Records for the task section start

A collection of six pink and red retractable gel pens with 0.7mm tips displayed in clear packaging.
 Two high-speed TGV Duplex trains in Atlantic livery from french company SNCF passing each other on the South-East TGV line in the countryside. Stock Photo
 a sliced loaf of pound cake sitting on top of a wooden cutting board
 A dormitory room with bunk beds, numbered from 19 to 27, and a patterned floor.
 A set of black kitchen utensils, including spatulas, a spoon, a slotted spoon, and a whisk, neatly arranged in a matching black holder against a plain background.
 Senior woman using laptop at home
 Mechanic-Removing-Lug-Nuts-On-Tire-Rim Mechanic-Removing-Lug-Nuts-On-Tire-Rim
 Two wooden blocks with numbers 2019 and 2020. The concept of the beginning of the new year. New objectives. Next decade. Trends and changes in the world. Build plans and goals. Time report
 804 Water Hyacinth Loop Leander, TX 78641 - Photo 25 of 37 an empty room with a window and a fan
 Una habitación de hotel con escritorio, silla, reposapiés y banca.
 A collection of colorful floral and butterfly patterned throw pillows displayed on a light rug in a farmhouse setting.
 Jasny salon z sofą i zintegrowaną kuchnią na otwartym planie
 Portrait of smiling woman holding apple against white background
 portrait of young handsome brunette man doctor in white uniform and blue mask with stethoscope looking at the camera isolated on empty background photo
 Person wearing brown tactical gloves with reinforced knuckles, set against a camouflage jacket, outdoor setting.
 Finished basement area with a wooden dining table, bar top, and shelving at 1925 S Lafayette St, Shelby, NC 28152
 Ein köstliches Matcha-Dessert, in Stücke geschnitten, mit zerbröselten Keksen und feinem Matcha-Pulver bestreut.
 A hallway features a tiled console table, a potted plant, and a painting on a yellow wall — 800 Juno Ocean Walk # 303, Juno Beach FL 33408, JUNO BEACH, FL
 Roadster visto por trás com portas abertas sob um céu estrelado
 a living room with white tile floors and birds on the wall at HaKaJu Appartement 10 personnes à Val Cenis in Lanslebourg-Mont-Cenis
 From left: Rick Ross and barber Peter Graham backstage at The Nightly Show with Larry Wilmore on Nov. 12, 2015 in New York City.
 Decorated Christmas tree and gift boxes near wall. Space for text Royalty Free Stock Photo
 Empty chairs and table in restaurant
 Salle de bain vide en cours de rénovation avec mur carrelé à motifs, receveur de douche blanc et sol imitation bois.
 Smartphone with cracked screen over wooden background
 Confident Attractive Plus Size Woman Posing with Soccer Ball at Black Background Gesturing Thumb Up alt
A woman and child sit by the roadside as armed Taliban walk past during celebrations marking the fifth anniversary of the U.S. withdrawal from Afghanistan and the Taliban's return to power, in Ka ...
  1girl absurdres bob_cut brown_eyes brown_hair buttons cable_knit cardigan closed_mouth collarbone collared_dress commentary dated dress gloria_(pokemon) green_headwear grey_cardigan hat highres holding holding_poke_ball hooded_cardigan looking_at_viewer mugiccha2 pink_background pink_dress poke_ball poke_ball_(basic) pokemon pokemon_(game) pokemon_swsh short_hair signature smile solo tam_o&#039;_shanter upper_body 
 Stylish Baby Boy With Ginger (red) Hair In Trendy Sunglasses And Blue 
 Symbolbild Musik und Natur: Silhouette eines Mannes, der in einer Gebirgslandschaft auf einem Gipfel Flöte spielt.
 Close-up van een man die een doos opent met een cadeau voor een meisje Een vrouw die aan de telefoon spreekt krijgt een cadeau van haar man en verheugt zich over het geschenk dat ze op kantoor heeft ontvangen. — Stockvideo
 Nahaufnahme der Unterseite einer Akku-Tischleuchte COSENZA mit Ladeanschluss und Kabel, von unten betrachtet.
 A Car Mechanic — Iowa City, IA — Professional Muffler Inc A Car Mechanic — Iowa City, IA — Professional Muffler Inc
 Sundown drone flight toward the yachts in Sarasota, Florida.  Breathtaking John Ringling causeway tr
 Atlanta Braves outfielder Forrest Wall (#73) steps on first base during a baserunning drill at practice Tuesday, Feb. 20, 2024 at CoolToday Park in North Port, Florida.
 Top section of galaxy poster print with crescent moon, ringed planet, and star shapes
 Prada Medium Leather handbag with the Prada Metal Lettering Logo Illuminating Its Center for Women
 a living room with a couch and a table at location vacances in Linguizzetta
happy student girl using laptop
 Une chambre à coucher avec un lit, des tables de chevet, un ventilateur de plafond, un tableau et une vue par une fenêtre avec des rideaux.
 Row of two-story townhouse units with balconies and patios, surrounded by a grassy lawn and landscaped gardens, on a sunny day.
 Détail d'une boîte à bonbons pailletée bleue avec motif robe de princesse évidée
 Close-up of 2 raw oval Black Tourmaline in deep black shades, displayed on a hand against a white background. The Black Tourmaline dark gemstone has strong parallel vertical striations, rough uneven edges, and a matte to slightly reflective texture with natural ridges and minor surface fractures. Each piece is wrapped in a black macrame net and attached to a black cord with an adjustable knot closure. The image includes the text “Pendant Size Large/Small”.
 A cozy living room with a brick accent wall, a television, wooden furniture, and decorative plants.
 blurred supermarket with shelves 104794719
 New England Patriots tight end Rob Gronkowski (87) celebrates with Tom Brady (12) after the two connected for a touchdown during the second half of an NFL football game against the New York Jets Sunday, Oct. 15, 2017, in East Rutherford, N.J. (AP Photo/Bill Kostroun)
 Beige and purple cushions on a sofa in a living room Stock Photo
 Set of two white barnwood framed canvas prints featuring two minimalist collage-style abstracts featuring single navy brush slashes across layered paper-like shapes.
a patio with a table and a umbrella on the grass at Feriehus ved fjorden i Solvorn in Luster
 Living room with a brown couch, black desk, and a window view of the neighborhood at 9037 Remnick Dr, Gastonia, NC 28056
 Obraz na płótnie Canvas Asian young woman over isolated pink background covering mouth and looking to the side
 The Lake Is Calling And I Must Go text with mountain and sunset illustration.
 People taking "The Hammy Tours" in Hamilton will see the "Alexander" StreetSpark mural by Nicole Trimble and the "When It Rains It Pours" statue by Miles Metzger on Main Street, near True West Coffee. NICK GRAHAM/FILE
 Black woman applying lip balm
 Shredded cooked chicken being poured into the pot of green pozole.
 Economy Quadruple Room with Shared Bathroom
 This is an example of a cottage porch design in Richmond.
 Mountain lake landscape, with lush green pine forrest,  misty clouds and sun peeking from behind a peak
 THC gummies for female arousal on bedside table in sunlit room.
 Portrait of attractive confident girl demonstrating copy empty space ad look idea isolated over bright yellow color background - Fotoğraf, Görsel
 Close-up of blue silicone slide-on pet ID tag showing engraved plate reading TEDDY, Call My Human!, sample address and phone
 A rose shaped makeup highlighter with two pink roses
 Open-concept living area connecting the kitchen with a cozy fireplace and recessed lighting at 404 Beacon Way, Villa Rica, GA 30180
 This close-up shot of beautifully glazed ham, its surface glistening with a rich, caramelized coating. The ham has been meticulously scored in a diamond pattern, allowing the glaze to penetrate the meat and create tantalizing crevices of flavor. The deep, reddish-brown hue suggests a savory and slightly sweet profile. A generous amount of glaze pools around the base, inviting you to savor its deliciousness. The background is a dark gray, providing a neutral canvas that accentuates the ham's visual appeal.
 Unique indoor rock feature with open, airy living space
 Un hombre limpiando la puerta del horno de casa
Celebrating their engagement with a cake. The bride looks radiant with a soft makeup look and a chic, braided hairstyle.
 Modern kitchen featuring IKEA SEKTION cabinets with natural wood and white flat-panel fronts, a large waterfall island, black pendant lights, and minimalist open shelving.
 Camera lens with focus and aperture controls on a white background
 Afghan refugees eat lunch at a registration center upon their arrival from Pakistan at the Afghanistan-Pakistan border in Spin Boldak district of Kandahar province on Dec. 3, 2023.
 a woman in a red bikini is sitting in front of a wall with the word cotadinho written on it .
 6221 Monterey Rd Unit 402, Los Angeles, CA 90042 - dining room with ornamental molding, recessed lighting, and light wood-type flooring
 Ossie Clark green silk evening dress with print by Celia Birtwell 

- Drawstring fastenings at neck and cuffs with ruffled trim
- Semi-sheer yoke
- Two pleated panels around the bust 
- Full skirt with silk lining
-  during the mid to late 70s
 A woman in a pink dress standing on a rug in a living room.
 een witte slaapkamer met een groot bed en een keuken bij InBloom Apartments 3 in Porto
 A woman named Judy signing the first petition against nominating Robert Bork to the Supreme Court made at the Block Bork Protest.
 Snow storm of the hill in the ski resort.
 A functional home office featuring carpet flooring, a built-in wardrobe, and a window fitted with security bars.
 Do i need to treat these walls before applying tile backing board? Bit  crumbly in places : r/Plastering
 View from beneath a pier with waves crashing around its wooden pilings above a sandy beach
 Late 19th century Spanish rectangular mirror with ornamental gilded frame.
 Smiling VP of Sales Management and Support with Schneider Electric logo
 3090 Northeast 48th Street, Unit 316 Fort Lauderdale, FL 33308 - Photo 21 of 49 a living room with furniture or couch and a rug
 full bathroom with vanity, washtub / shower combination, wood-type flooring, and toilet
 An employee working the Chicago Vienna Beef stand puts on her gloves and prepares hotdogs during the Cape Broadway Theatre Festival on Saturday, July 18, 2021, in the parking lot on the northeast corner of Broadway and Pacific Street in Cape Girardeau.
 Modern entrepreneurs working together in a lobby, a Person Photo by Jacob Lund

Records for the task section end

**Work order**
Only those lines of the entries above that run from the line containing "Mountain lake landscape, with" to the line containing "Un hombre limpiando", both included, should be transcribed exactly.

**Problem solution**
 Mountain lake landscape, with lush green pine forrest,  misty clouds and sun peeking from behind a peak
 THC gummies for female arousal on bedside table in sunlit room.
 Portrait of attractive confident girl demonstrating copy empty space ad look idea isolated over bright yellow color background - Fotoğraf, Görsel
 Close-up of blue silicone slide-on pet ID tag showing engraved plate reading TEDDY, Call My Human!, sample address and phone
 A rose shaped makeup highlighter with two pink roses
 Open-concept living area connecting the kitchen with a cozy fireplace and recessed lighting at 404 Beacon Way, Villa Rica, GA 30180
 This close-up shot of beautifully glazed ham, its surface glistening with a rich, caramelized coating. The ham has been meticulously scored in a diamond pattern, allowing the glaze to penetrate the meat and create tantalizing crevices of flavor. The deep, reddish-brown hue suggests a savory and slightly sweet profile. A generous amount of glaze pools around the base, inviting you to savor its deliciousness. The background is a dark gray, providing a neutral canvas that accentuates the ham's visual appeal.
 Unique indoor rock feature with open, airy living space
 Un hombre limpiando la puerta del horno de casa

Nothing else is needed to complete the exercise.